* Instructions for the task: Only the lines below starting at the one containing "Paleta de Sombras" and ending at the one containing "Carrier High Efficiency Furnace" belong in the answer, each copied exactly.

* Recorded data:
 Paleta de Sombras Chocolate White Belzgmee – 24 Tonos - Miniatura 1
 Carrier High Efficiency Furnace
==
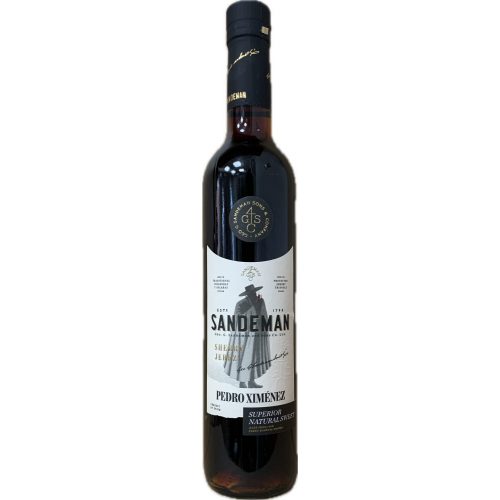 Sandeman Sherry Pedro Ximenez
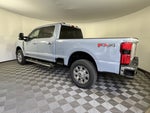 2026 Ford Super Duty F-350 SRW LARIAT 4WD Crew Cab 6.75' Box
...
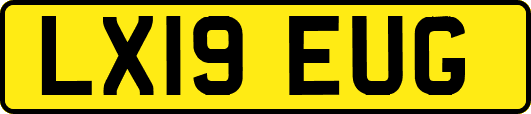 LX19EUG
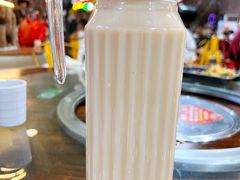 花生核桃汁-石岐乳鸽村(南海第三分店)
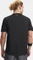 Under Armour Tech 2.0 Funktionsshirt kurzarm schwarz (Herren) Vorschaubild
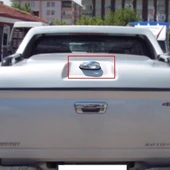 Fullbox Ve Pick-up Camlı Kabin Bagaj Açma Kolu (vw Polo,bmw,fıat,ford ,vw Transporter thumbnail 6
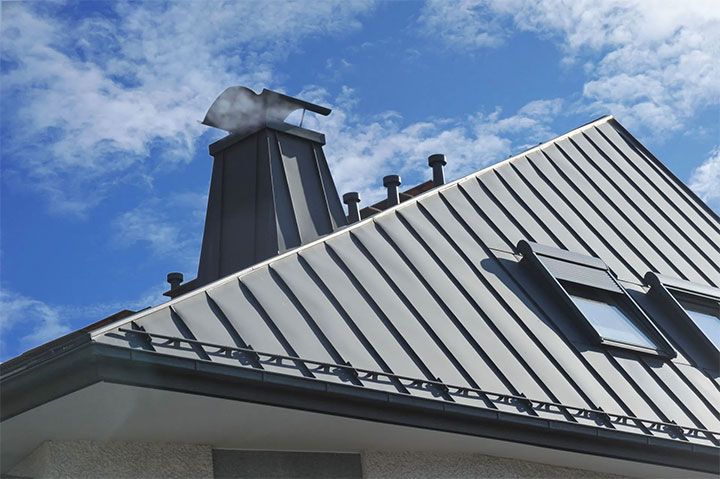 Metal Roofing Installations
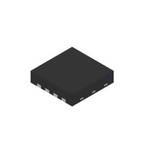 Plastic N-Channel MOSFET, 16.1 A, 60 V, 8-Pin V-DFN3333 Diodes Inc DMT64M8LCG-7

* Finished exercise:
 Paleta de Sombras Chocolate White Belzgmee – 24 Tonos - Miniatura 1
 Carrier High Efficiency Furnace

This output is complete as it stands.